_The task_
With the pictures excluded, reproduce all of the data exactly.

_Data provided_
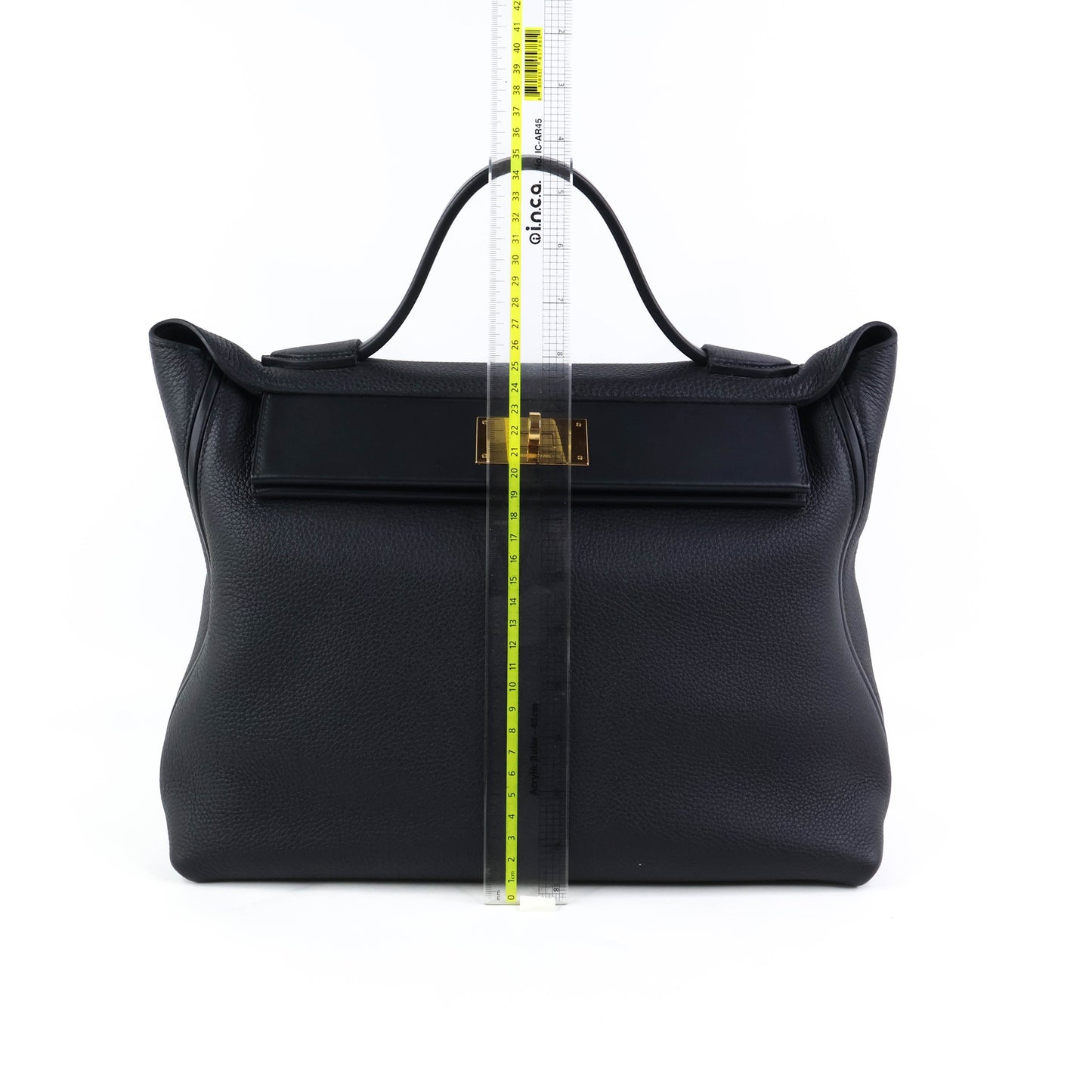 Hermes 24/24-35 Togo Swift Black GHW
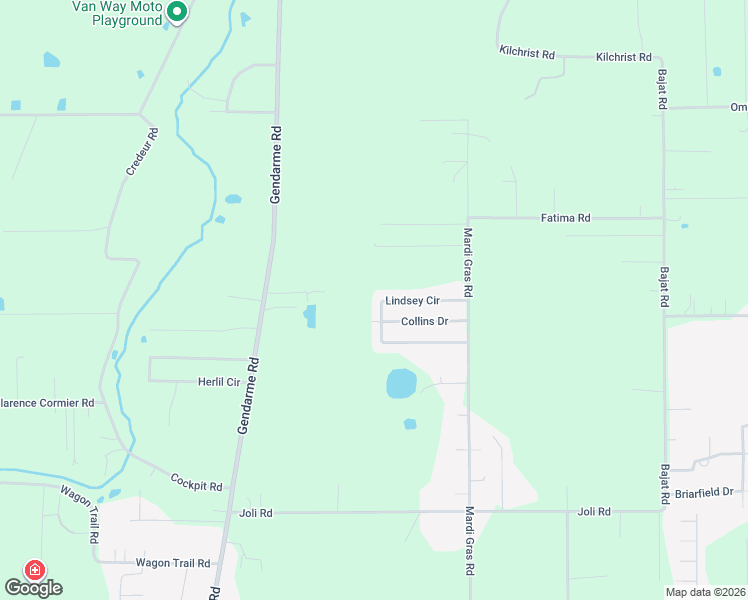 map of restaurants, bars, coffee shops, grocery stores, and more near 136 Lindsey Circle in Carencro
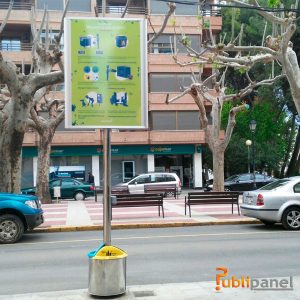 publicidad exterior en Requena publipanel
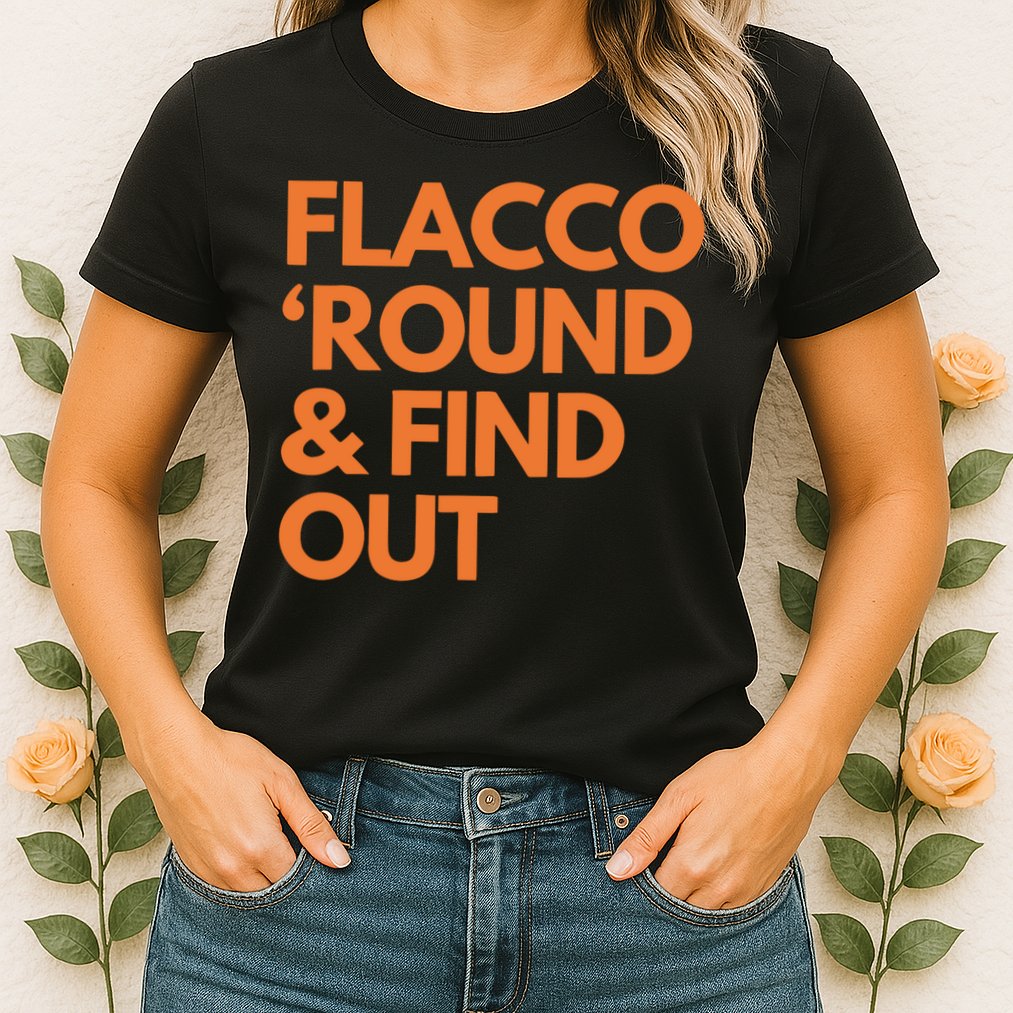 Flacco Round & Find Out Womens T-Shirt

_Response area_
 Hermes 24/24-35 Togo Swift Black GHW
 map of restaurants, bars, coffee shops, grocery stores, and more near 136 Lindsey Circle in Carencro
 publicidad exterior en Requena publipanel
 Flacco Round & Find Out Womens T-Shirt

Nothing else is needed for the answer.